Kira Skov dit ceci : « J’étais tellement heureuse que tout le monde ait bien voulu participer au projet. L’album est né d’un véritable échange musical : les bandes ont toutes été enregistrées en direct à Coppenhague, j’ai adressé les chansons aux uns et aux autres sous forme de fichiers audio et chacun y a ajouté sa voix au fur et à mesure .»
Évidemment, nous ne sentons nullement la distance dans ces compositions, mais, grâce aux avancées de la technologie, une véritable proximité entre la musique, le chant de Kira Skoov et celui de ses invités. Le résultat est assez bluffant pour tout dire et fonctionne à la perfection. Le mix y est sans doute pour beaucoup, mais c’est tant mieux, car nous nous régalons.
Un univers suspendu.
Spirit tree dégage un univers délicat, qui pourrait se rompre à tout instant. Comme s’il était suspendu à un fil, surplombant un immense ravin, ou comme s’il était suspendu aux lèvres d’une pandémie, d’un changement profond de nos mentalités, fortement impactées par ce qu’il s’est passé ces derniers mois. Pourtant, l’album dégage une forme de force, de résilience, de ce pas en avant que nous nous efforçons tous de faire pour ne pas mourir.
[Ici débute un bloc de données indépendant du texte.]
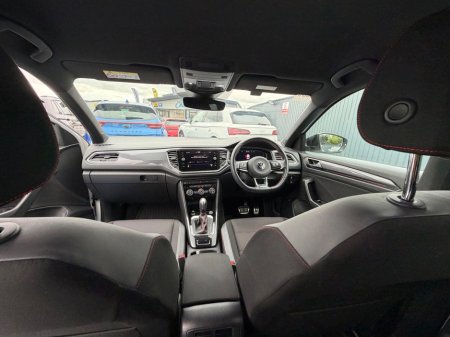 2021 Volkswagen T-Roc - photo 45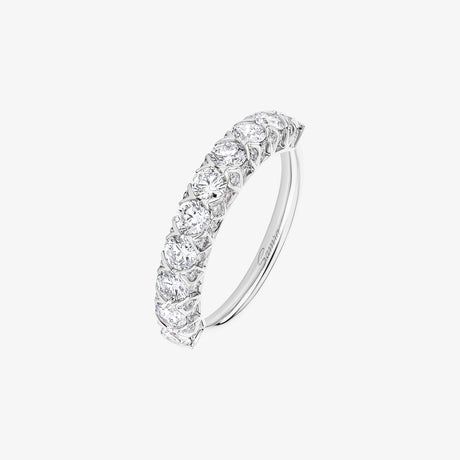 Thalj White Gold Diamond Ring - RING WOMAN by Samra Jewellery
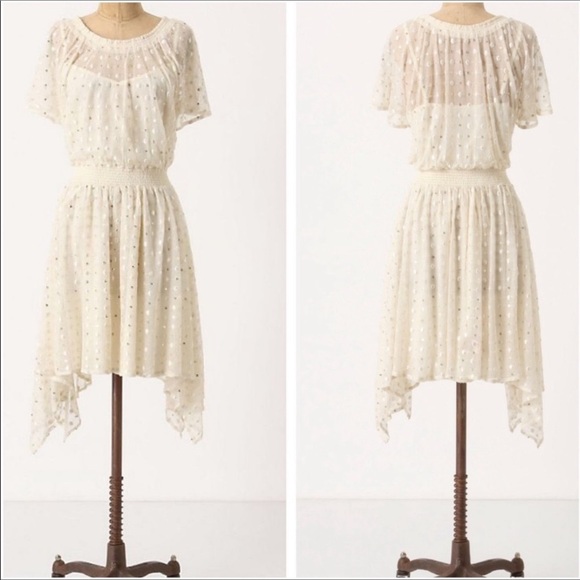 Anthropologie leifnotes mesh dress - Picture 8 of 12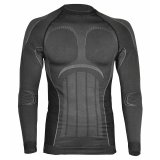 Termisk T-shirt til M�nd Cofra Antracit M�rkegr� #1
La musique ici semble exempte de tout sentiment négatif. C’est-à-dire que nous sentons une sincérité émaner du plus profond de cet album, qu’il s’agisse de ce que la musique nous évoque de douceur, de tristesse, de joie aussi, mais également de par ce que transportent ces voix parfois éloignées de plusieurs dizaines de milliers de kilomètres.
Alors les arpèges de guitare suivent la rythmique, la bousculent ou l’accompagnent, toujours avec une chaleur particulière, presque feutrée bien qu’ouverte sur l’extérieur. Les voix, peu ou prou, suivent le même cheminement. La « patronne » n’hésite pas à se mettre en arrière quand il le faut, entre parfois en « conflit » pour faire ressortir la beauté des timbres mélangés. L’apport d’instrument un peu moins courant dans l’univers pop musique ou folk permet d’aller plus loin dans l’exploration, de toucher au plus près les émotions.
Que dire de plus ?
L’artwork de l’album est magnifique (il est de Mette Geisler), il est la porte d’entrée dans cette maison, dans cette famille de chanteurs et chanteuses qui dégage une cohésion d’autant plus étonnante qu’ils ne se trouvaient pas dans les mêmes lieux, ni ne posaient leur voix en même temps. Cette cohésion est comme cet arbre, un bouquet de talent tenu par la main d’une chef d’orchestre qui a su faire ressortir la finesse de chaque invité, pour un disque de très grande beauté, émouvant.
LE titre de Spirit tree.
Chaque titre est une perle. Nous ne voyons, en réalité, aucun titre faible. D’autant plus qu’ils n’ont pas forcément la même essence. Alors vous en citer un nous paraît impossible. Sans perte de rythme ou d’efficacité, le disque est d’une homogénéité folle, ce qui ne cesse de nous étonner malgré les dizaines d’écoutes que nous avons à notre actif. Si vous aimez les spoken world, Lenny’s theme est magnifique, tout comme Deep poetry. Si c’est plutôt les voix féminines que vous aimez, Dusty Kate, Ode to the poets (tous deux avec Mette Lindberg) ou Horses (mais sur celle-ci vous avez aussi John Parish, qui n’est pas vraiment une voix féminine). Enfin, si vous aimez les crooners, In the end ou Idea of love. En fait, tous les morceaux sont riches…. Donc pas de titre de l’album, mais juste un album sans faute de goût, parfait de bout en bout.